In the specific effort to mitigate the risk of what it now labels as suicidal ideation and/or behavior (SIB), the FDA issued its second draft guidance last year on how to effectively assess patients for SIB in clinical trials, mainly for drugs that affect the central nervous system. The FDA maintains within the guidance that while an assessment of SIB is not required of every drug, it’s better to ask the agency if they think it’s a good idea or not, in other words, better safe than sorry.

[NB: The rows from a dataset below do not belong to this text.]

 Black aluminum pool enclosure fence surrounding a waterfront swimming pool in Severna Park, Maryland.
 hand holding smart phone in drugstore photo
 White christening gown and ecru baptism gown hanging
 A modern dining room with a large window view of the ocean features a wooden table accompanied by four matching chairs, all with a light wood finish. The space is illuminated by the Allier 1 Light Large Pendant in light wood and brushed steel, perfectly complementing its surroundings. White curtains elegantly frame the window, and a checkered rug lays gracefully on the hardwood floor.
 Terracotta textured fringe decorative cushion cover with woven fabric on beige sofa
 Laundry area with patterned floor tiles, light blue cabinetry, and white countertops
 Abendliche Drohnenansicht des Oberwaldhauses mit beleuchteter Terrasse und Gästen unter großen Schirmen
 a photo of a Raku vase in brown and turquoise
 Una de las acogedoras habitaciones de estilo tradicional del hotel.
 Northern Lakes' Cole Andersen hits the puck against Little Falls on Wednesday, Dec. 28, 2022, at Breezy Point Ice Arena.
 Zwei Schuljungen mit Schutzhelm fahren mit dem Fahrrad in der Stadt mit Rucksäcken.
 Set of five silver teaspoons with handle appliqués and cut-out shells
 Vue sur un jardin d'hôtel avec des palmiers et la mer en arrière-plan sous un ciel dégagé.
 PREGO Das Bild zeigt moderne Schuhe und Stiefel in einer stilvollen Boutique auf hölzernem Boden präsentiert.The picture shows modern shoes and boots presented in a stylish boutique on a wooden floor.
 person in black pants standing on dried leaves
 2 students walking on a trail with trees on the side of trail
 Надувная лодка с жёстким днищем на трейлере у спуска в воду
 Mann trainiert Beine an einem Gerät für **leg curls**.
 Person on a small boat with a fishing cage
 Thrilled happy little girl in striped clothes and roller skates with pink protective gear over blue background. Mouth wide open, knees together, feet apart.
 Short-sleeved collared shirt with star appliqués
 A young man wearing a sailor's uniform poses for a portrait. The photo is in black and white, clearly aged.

ERT, one organization focused on addressing this issue, recently unveiled its AVERT system, an electronic self-report mechanism that allows patients in clinical trials to complete the assessment in privacy and send results directly to the clinician. The AVERT assessment tool is done at regular intervals during the trial, initially for pre-screening purposes and throughout the trial to assess the drug’s ability to increase frequency of SIB among patients. AVERT uses FDA’s preferred rubric, the Columbia Suicide Severity Rating Scale (CSSRS) to determine if the patient is at-risk or not.

The FDA’s updated guidance also states that while any drug developed for a psychiatric disorder should require the assessment; non-psychiatric drugs for the treatment of patients with no history of psychiatric disorders are not necessarily exempt. The new guidance specifically references antiepileptics, neurologic drugs with CNS activity, drugs that are pharmacologically similar to isotretinoin and other tretinoins, beta blockers (especially those entering the brain), reserpine, drugs for smoking cessation, and drugs for weight loss as drugs that require assessment. But as far as unmentioned drugs are concerned, “the only way to find out if a drug requires the assessment or not is to ask the FDA,” said Dr. Jean Paty, Chief of Science and Regulatory Affairs at ERT. He added, “No organization wants to be the one that didn’t at least attend to this procedure and experience the consequences.”

It remains unclear as to when the draft guidance will be finalized, especially with the recent departure of the measure’s greatest champion Dr. Thomas Laughren, former director of the Division of Psychiatry Products in the Office of New Drugs in the Center for Drug Evaluation and Research at FDA.